What to work on>
Print the lines of the entries below from the one with "Lady Liberty by" through the final line, exactly as they appear. The pictures are not part of the copy.

(Material for the task begins)

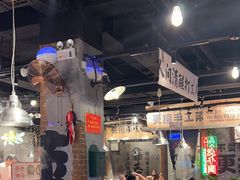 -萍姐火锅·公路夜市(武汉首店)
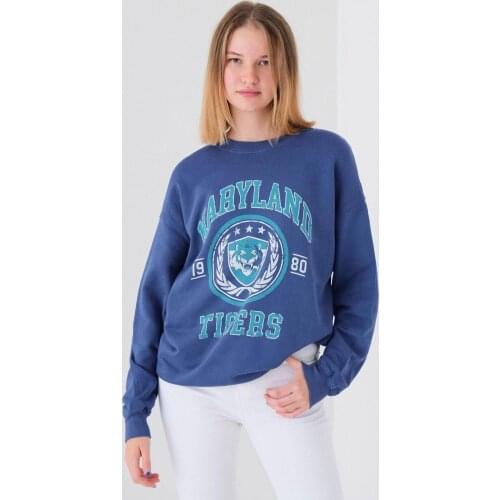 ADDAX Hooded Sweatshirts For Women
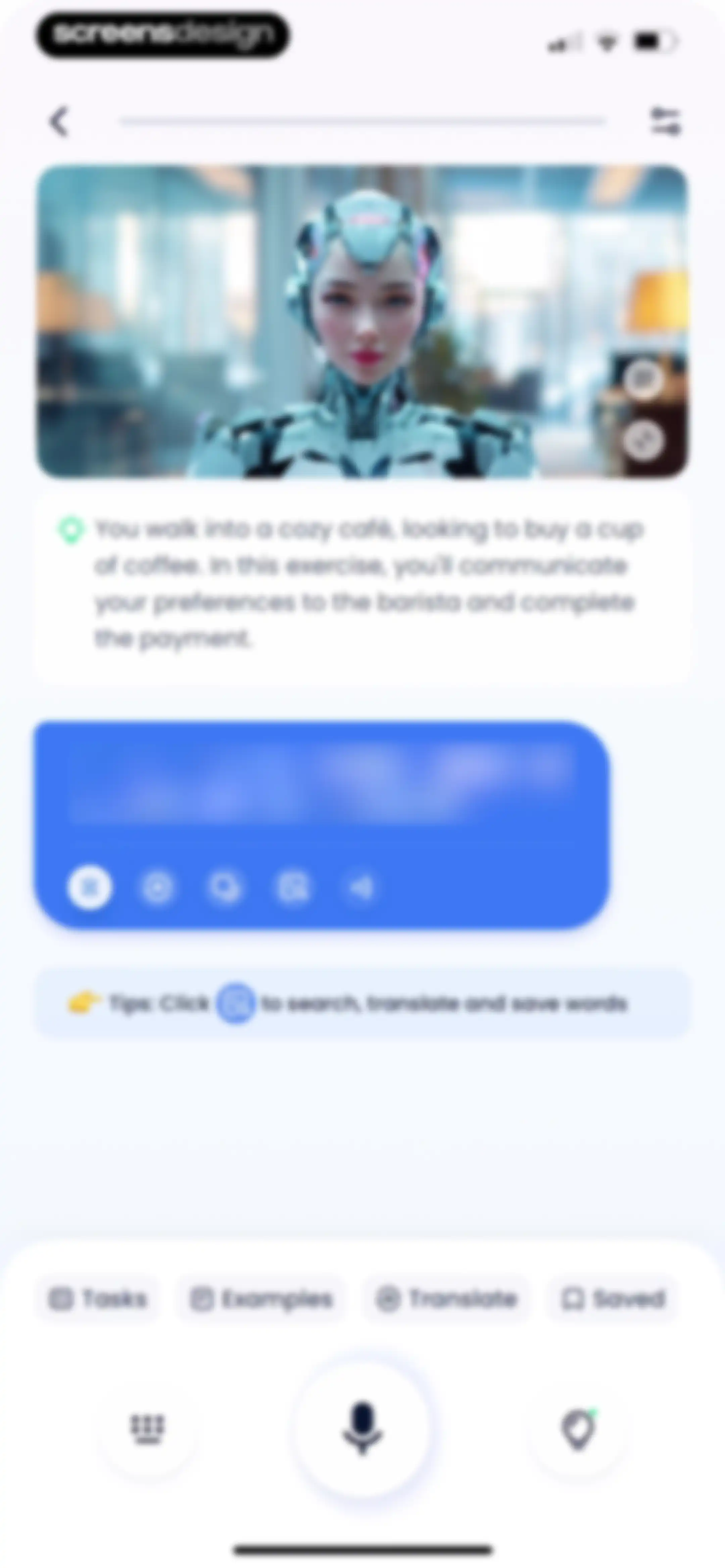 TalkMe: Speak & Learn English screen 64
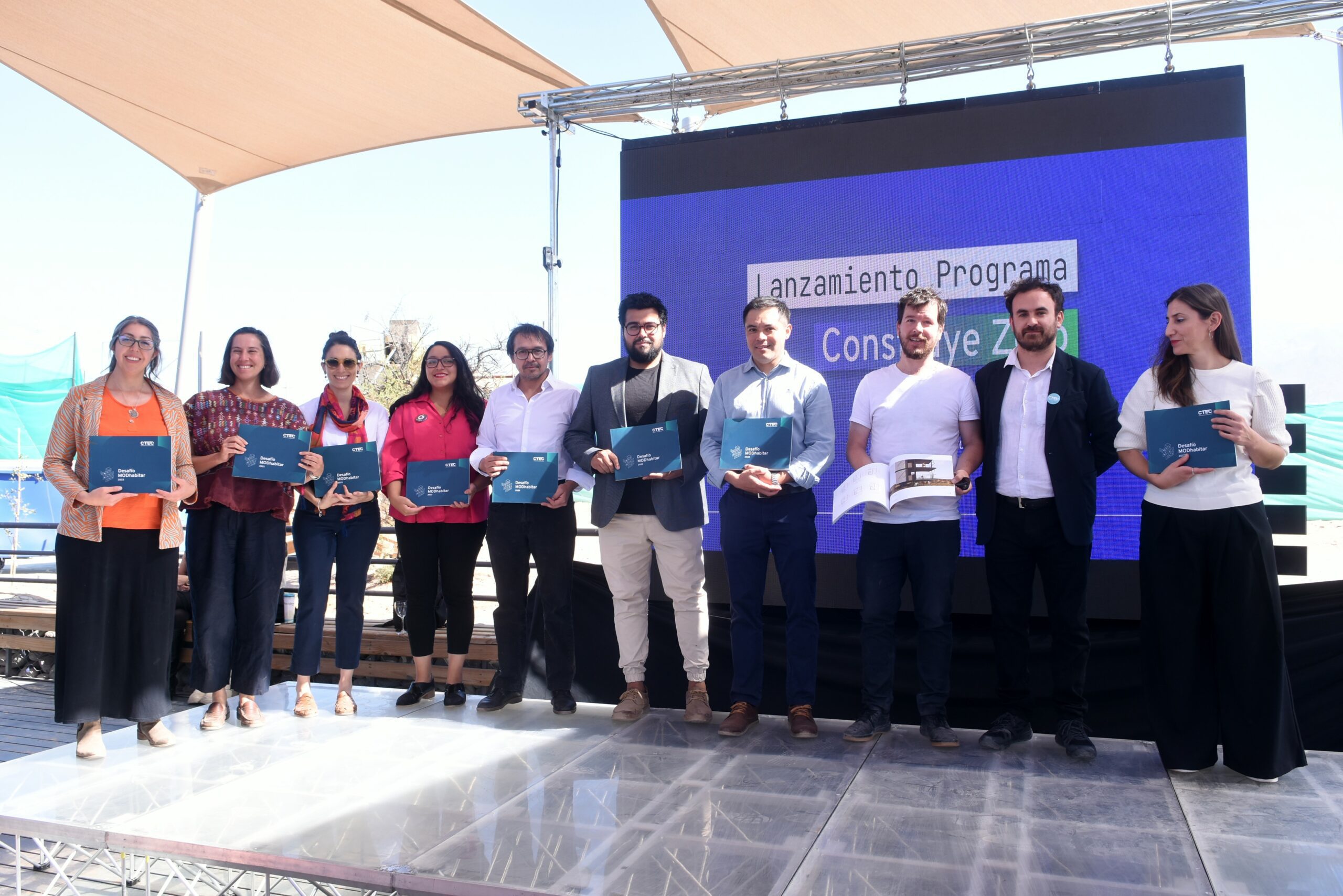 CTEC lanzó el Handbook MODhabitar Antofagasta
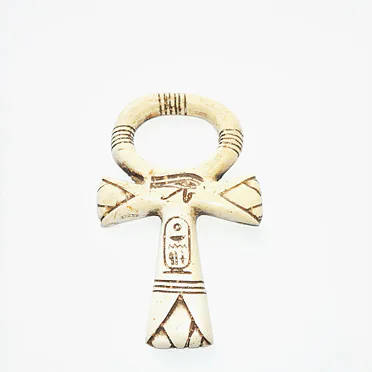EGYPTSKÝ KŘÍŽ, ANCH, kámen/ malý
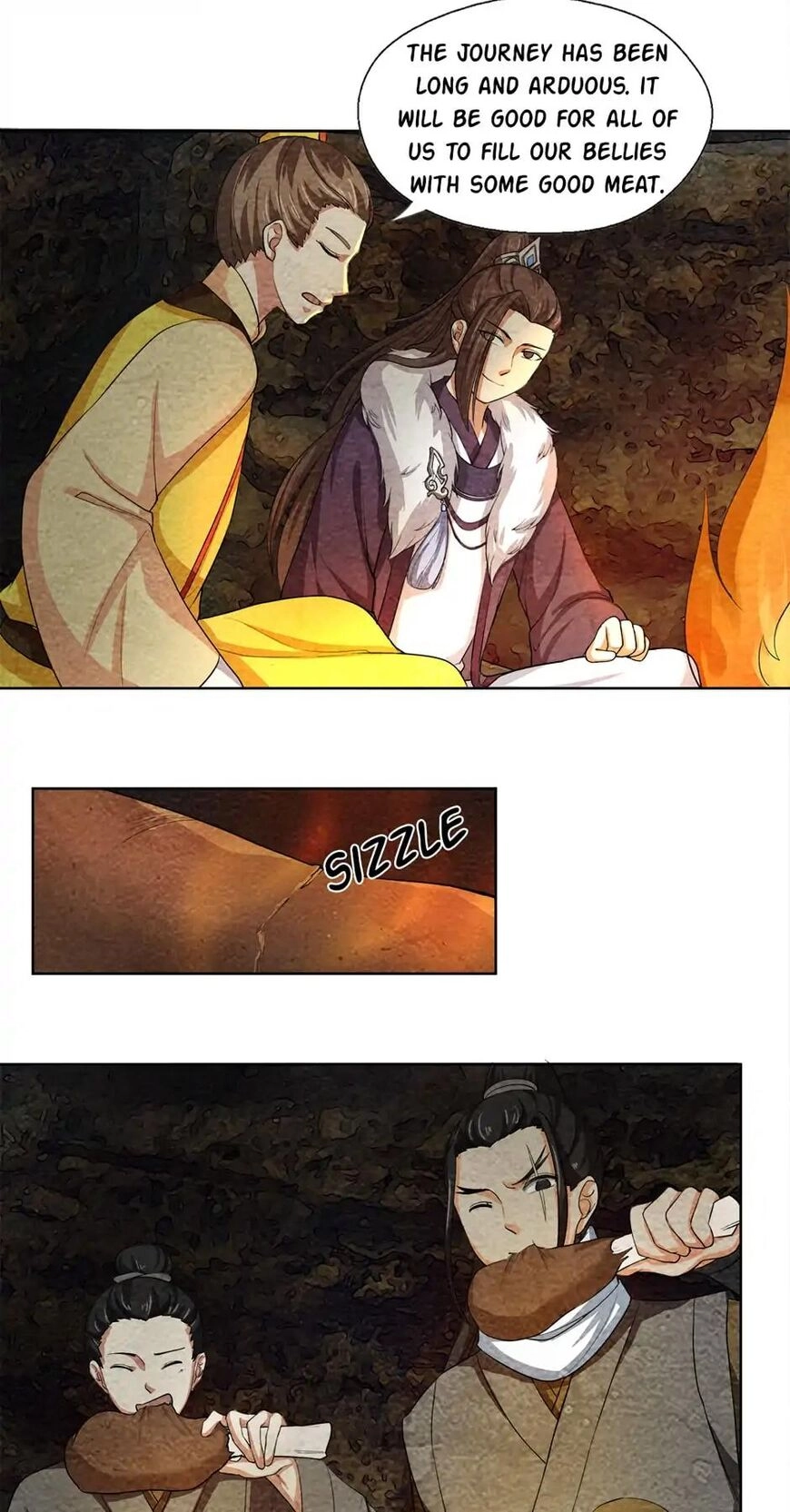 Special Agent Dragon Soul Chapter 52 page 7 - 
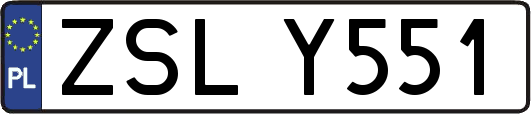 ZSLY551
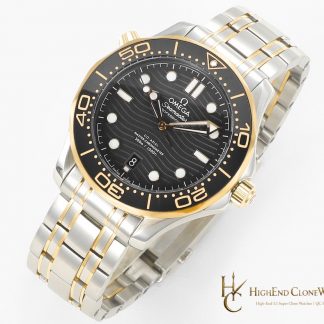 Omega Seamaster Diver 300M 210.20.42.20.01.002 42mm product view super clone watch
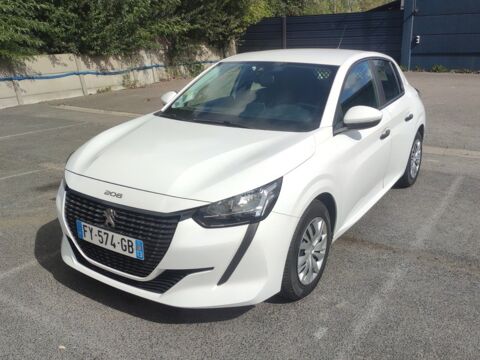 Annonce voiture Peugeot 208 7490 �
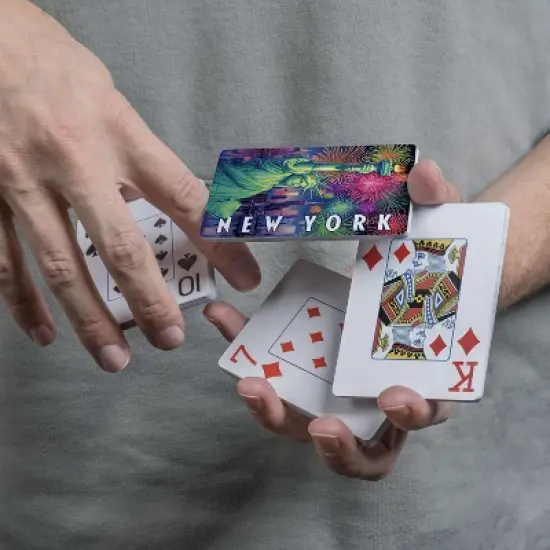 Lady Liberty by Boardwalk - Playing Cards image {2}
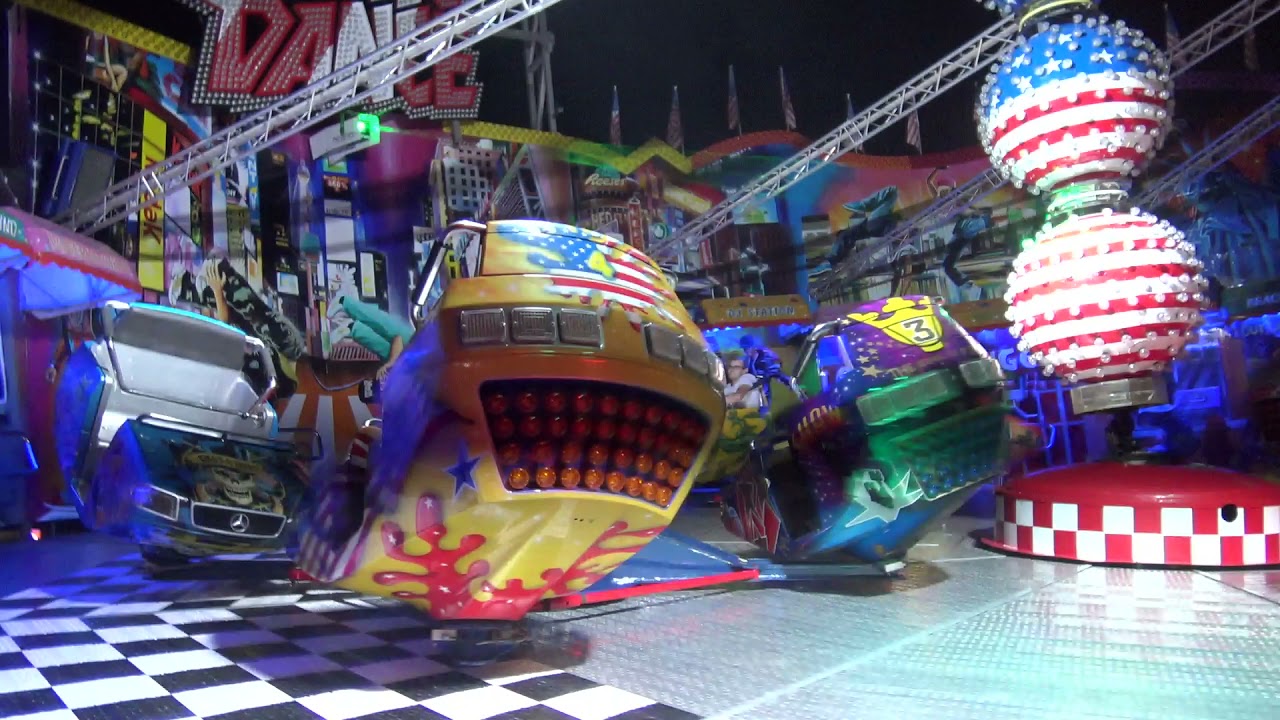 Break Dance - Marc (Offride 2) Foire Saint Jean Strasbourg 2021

(Material for the task ends)

Response>
 Lady Liberty by Boardwalk - Playing Cards image {2}
 Break Dance - Marc (Offride 2) Foire Saint Jean Strasbourg 2021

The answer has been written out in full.